Here are six tips on How to Be a Man that I think will be helpful in how to think about your masculinity.
1. Lead with your vulnerability: Yes, that is right. Do the hard thing. Especially in your most intimate relationships. Say “I am sorry, I apologize and especially, “I was wrong.”
These statements let your partner/spouse know that you are taking ownership and responsibility for your actions or words. Being defensive and not taking ownership only create more distance and hostility. Saying” I am sorry” shows that you value the health and resiliency of your relationship over your own ego. It is taking a step closer to be intimate and more connected. The outcome can be less of the distance and loneliness that is so hard to bare at times.
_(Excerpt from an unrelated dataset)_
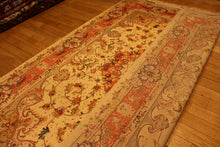 Load image into Gallery viewer, 1088 - Tabriz 70 Rage Ex Fine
2. Help more around the house: Don’t come home with the attitude that you have done your part by bringing home a paycheck. This is not the 1950’s. In most households both spouses work and therefore it is only fair that you do more to keep your home and family well taken care of. Pitch in with the housework and preparing meals. Also taking care of your kids: spending time on helping with homework, giving baths and bedtime routines.
3. Listen: Even if it is the end of a long day take the time to give your loved ones your full attention and listen, especially with your spouse or partner. Turn off all devices, distractions and give them your full attention. Better yet sit down facing them, hold their hand and say something like: “I want to know how you are feeling. I’m here and ready to listen”. Also do more that be a passive participant. Ask questions to make sure you are getting the meaning of what they are saying or even do active listening and paraphrase back key parts of what they are telling you.
4. Be more thoughtful: Along the way pay more attention to what your spouse and, or kids are interested in. What are their passions, desires and dreams? In a casual way notice if say your kids have an interest in a sport or martial art. Maybe it is seeing that they have a high-energy level and following up by taking them to a dojo. Or you could take them to a soccer try out and meet with the coach. Notice if your spouse has an seem to have an artistic flair so engage them in a conversation to find out if they want to pursue drawing or some other form. Then make it happen for them. Give them lessons or go to an art class with them. One of the ways we know we are loved is when someone pays attention to us and notices who we are and what we are about.
5. More fire in the Belly: Become more of the well-rounded man. Find and pursue your own passions. If you have always wanted to play a musical instrument seek out a teacher and get started. If you enliven yourself you will be a more passionate Dad, partner and person. We as men easily make other people’s needs and wants a priority over our own. Do a healthy thing and find the time and energy to follow your own dreams.
6. Connect with other healthy men: It is important to connect with other men who are working to become the best men, husbands and fathers they can be. Create or become part of a support group, or men’s group where you can help each other by being real about the struggles in your life. There is great power in being listened to without receiving advice. Having men that share openly about their own struggles creates less shame that many men struggle with when they feel that they are the only ones who have a hard time in their marriage, job or being a good dad.
Following through with these suggestions will help you in being the best man that you can be in your own life and your family’s life.